REQUIRED ACTION: After locating the line that contains "Yerli bir aydındı, fikri" in the records below, write out exactly that line and each line after it through the one that contains "Will Smith colpisce", and nothing else.

##### GIVEN DATA

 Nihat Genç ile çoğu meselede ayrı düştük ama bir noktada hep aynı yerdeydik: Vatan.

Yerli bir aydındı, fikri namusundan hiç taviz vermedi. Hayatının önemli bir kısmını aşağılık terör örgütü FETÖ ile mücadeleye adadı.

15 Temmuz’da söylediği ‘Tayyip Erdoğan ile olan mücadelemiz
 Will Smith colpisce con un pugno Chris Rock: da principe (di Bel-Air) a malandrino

##########
##### GIVEN DATA

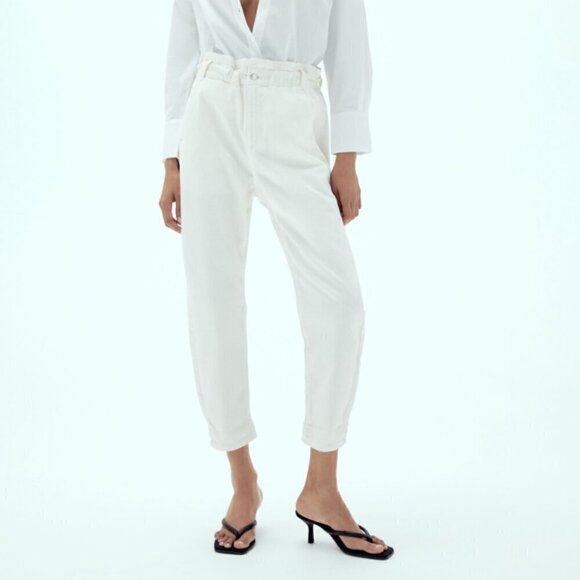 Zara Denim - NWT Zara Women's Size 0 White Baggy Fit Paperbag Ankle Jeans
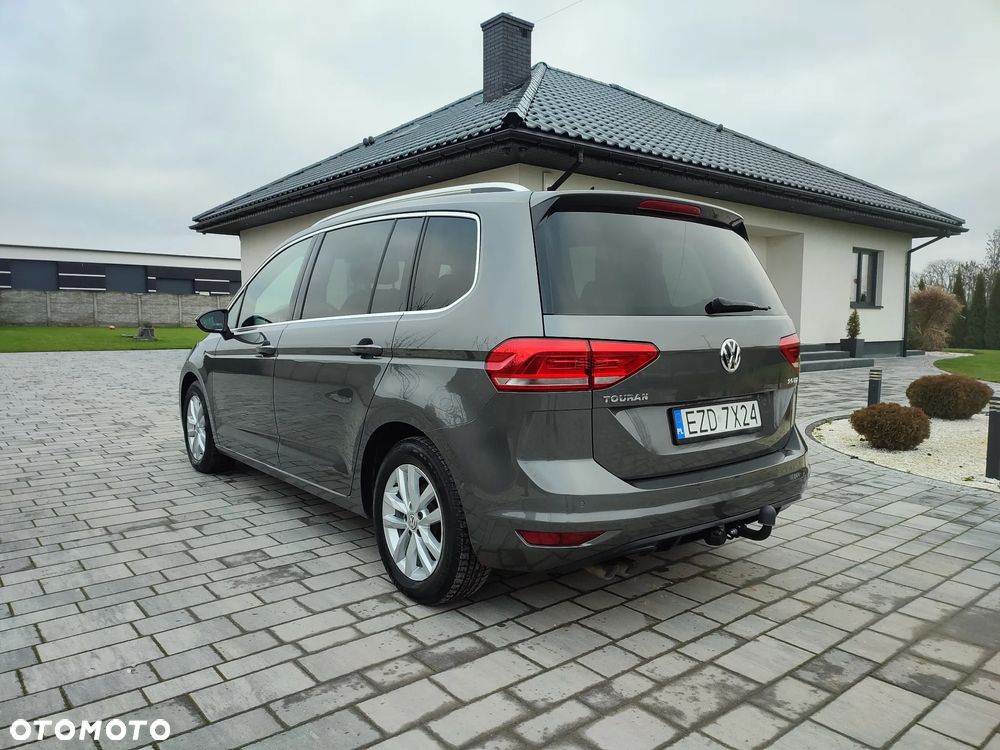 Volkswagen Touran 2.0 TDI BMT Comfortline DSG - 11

##########

RESULT:
Yerli bir aydındı, fikri namusundan hiç taviz vermedi. Hayatının önemli bir kısmını aşağılık terör örgütü FETÖ ile mücadeleye adadı.

15 Temmuz’da söylediği ‘Tayyip Erdoğan ile olan mücadelemiz
 Will Smith colpisce con un pugno Chris Rock: da principe (di Bel-Air) a malandrino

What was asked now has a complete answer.